Un deslumbramiento muy natural

 

Comencemos por volver al dos de octubre de 1928, al momento en que san Josemaría se sentó en la mesa del cuarto que ocupaba en la casa de espiritualidad de los PP. Paules en la calle García de Paredes de Madrid y colocó el libro del ejercitante, los libros que había llevado de casa y terminó por extender los papeles donde había ido anotando las luces que Dios le había ido dando en las últimas semanas. Indudablemente, no podía sospechar lo que iba a suceder: el Espíritu Santo envió un gran resplandor, una luz intensísima y vio el Opus Dei proyectado en el paso de los siglos y miles de personas de toda clase y condición en todas las encrucijadas del mundo encendidas en el amor de Dios.

Quedó tan deslumbrado que cayó al suelo de rodillas agradeciendo a Dios su gran bondad, porque había convertido en divinos los caminos de la tierra. Mientras estaba saboreando el don de Dios escuchó las campanas de Nuestra Señora de los ángeles de Cuatro Caminos que llamaban a misa de 10.00. Es lógico, pues Dios suele enviar esa mezcla de lo humano con lo divino y de lo natural con lo sobrenatural para que nadie piense que las luces que envía son quimeras irrealizables, vanos sueños o sencillamente  una simple ilusión.
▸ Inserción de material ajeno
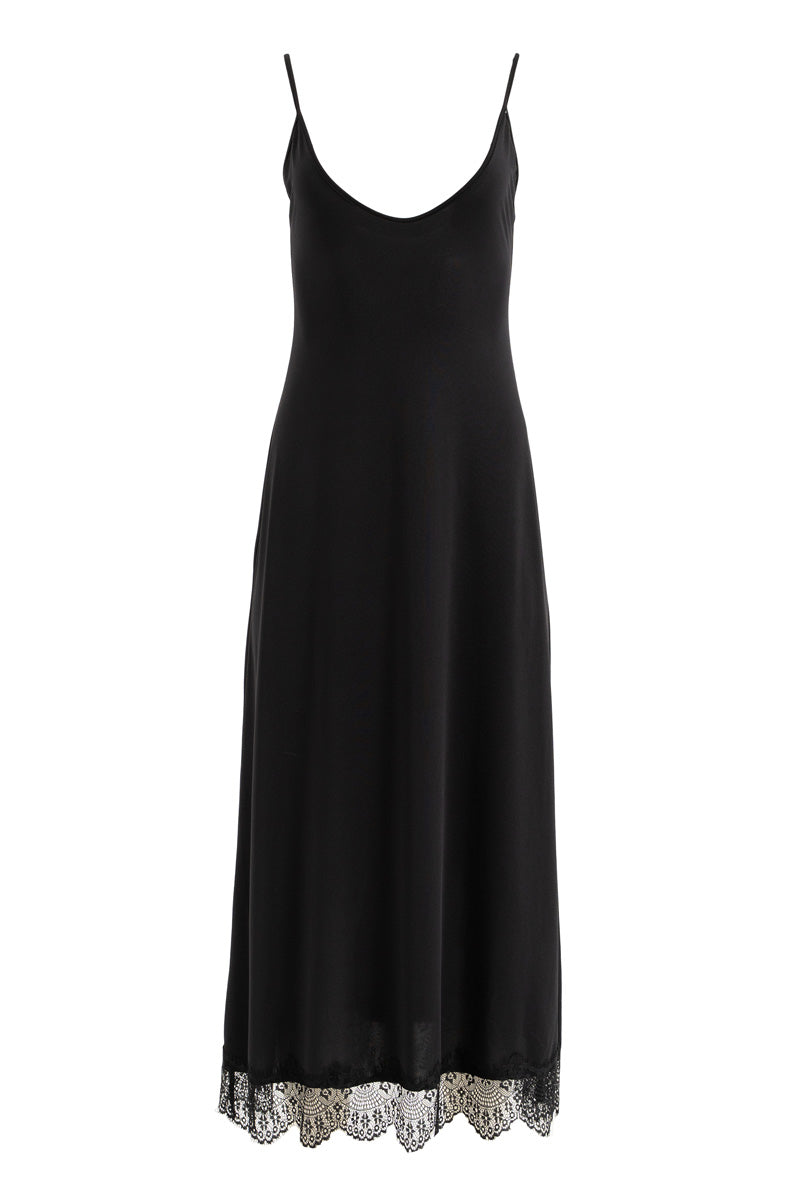 Lace-Detail Skirt Adjustable Strap V-Neck Midi Dress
Hildegarda de Bingen en el siglo XIII narraba que Dios le hablaba últimamente en latín en vez de en alemán y que le trazaba verdaderos programas de vida cristiana, como se puede leer en el “Scivias”, por ejemplo, cuando le explicaba lo que era la Santa Misa y, entonces, la palabra más repetida era: luz, sobrecogedor, pan, vino y, por supuesto, sacrificio de valor infinito.

Gracias al “lumen gloriae” que recibiremos al llegar al cielo podremos ver a Dios y en Dios todas las cosas pasadas, presentes y futuras en un gozo y una paz inconmensurable e infinita, pero estaremos siempre deslumbrados.
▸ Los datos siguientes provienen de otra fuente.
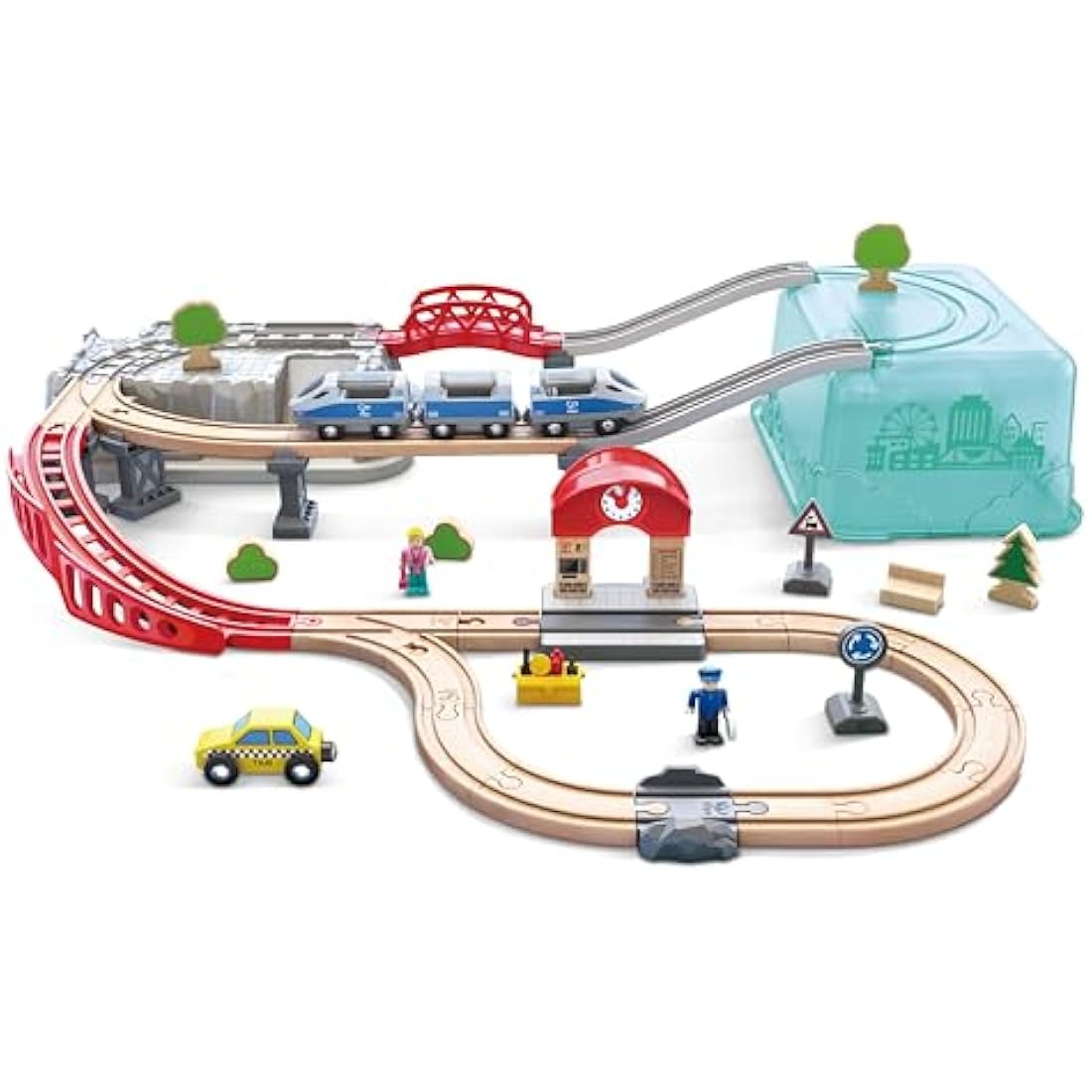 Hape City Railway Wooden Train Set with Storage Box - Ages 3 and Up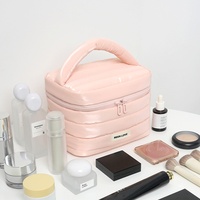 Sac de voyage pour maquillage en forme de coquille pour femmes RTS, résistant à l'eau, grande capacité, organiseur de cosmétiques, accessoire de voyage essentiel, étui de rangement pour articles de toilette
Esto es tan así, que el 14 de febrero de 1930, Dios intervino de nuevo, esta vez en la calle Alcalá Galiano de Madrid, esquina a Monte Esquinza, para decirle durante la Santa Misa en el oratorio de la casa de la marquesa de Ontorio que no empequeñeciera el don que había enviado al mundo, pues no era sólo para hombres sino que era para todos, hombres, mujeres, niños y sacerdotes jóvenes y mayores.
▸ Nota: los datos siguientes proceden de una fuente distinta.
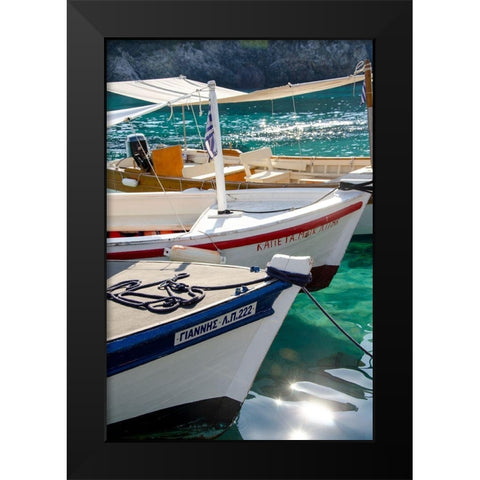 Workboats of Corfu, Greece I Black Modern Wood Framed Art Print by DeNardo, Laura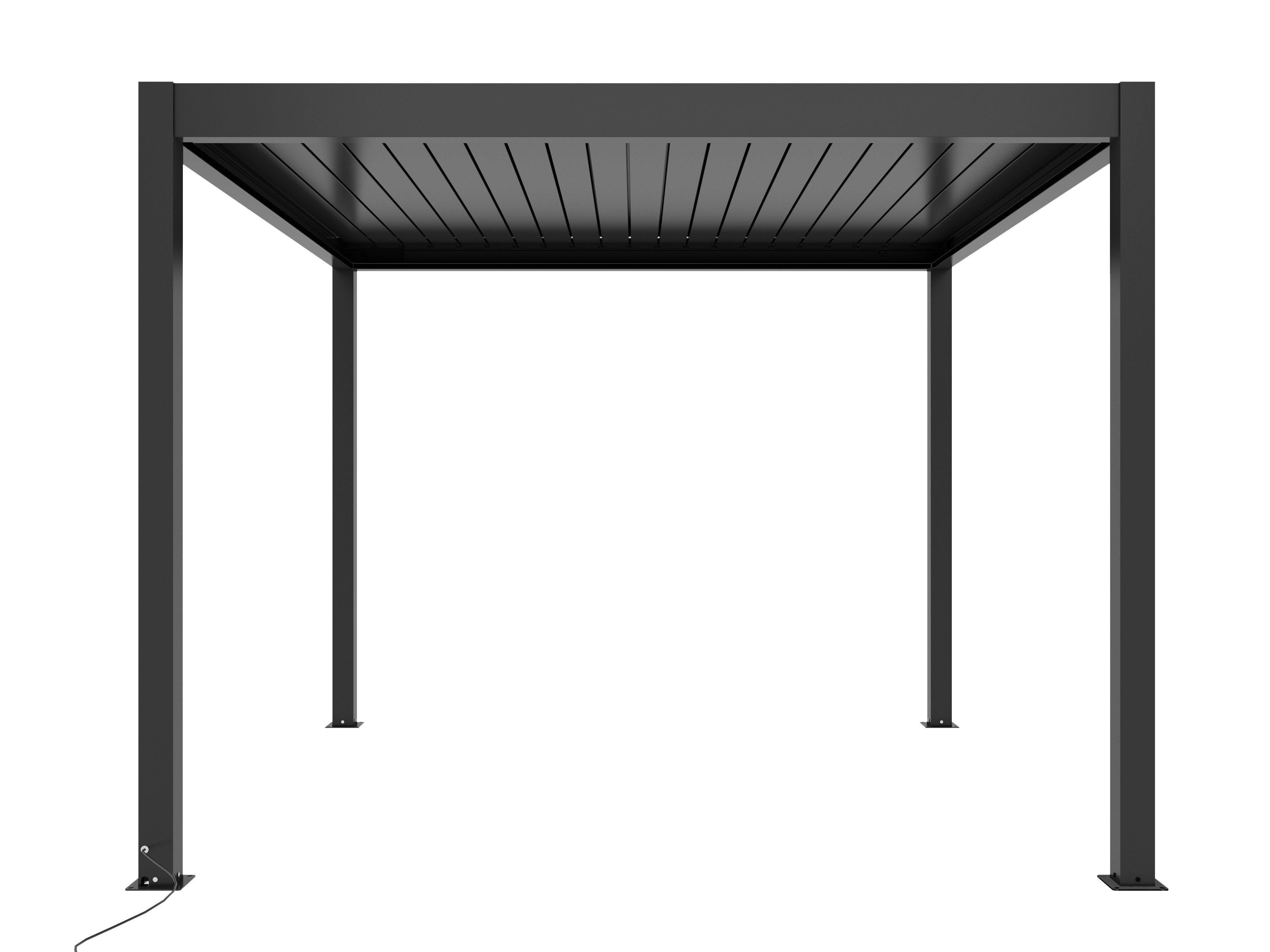 3x4 | Aluminium Louvered Pergola – Motorized Roof with Remote-Control & LED Lights | Grey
Es gracioso, pues Dios habla con una luz tan cegadora que los hombres nos ponemos a trabajar por nuestra cuenta y él se encarga de comprobar que no hemos dejado nada en el tintero. Por ejemplo, san Pablo a los de Corinto les explicó el don del celibato y muchos de ellos se plantearon abandonar los amores humanos, la familia que habían creado y los niños. En la segunda carta, tuvo que aclararles que eso del celibato era un don sobre don y que era Dios quien repartía los dones.

Indudablemente, san Josemaría en la primera luz recibida y en las sucesivas siempre retuvo la naturalidad de la vida cristiana, es decir la naturalidad de la coherencia gracias a la cual los hombres y mujeres que se forman al calor del Opus Dei lo hacen con plena laicidad, de modo que ese amor permea todas las clases sociales y ámbitos familiares, profesionales y sociales.